Re Schebsman, deceased [1944] Ch 83
Bankruptcy; agreement for payments to be made to debtor’s wife and daughter; whether trustee could claim funds.
Facts
Schebsman was employed by a company until 1940. He entered into an agreement with his employers under which he was to receive six annual payments as compensation for the loss of his employment. If Schebsman died before all six payments were made, the sums would be payable to his wife or daughter. Schebsman was declared bankrupt in March of 1942 and died in May of 1942. The trustee in bankruptcy sought a declaration that the sums payable to the wife and daughter formed part of the deceased’s estate.
Issues
The trustee argued the compensatory payments could be recovered by him from the widow because the deceased could have at any time have released the contract, and prevented the widow from receiving payment.
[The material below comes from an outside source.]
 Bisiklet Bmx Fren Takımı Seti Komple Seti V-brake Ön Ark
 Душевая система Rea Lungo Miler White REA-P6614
As the trustee is in the same position as the deceased, it follows, he argued, that the trustee could recover the compensatory payments. The widow argued the contracting parties were bound by the terms of the contract. Under the agreement, the payments were to be made to herself or her daughter, and there was no term of the contract which could be construed as having conferred any right for the trustee to recover the monies. If the trustee did sue, he would hold the monies for the party who was beneficially entitled, i.e. herself or her daughter.
Held
The declaration was not granted. The deceased could not have directed his employer to make the payments to anyone other than his wife or daughter without breaching the contract. There is no principle in equity which would allow the trustee to claim funds which the debtor could not obtain without breach of contract.
Updated 21 March 2026
This article accurately summarises the facts and decision in Re Schebsman (deceased) [1944] Ch 83. The case remains good law and is still regularly cited in discussions of privity of contract and third-party rights. Readers should note, however, that the broader legal landscape surrounding third-party rights has since changed significantly. The Contracts (Rights of Third Parties) Act 1999 now allows third parties to enforce contractual terms in certain circumstances, which would be highly relevant to a scenario of this kind arising today. While the 1999 Act does not alter the decision in Re Schebsman itself, students should consider the case alongside the Act and the extent to which the Act might affect the outcome of similar facts in a modern context. The article does not address this statutory development, which is a material limitation for readers researching the current law.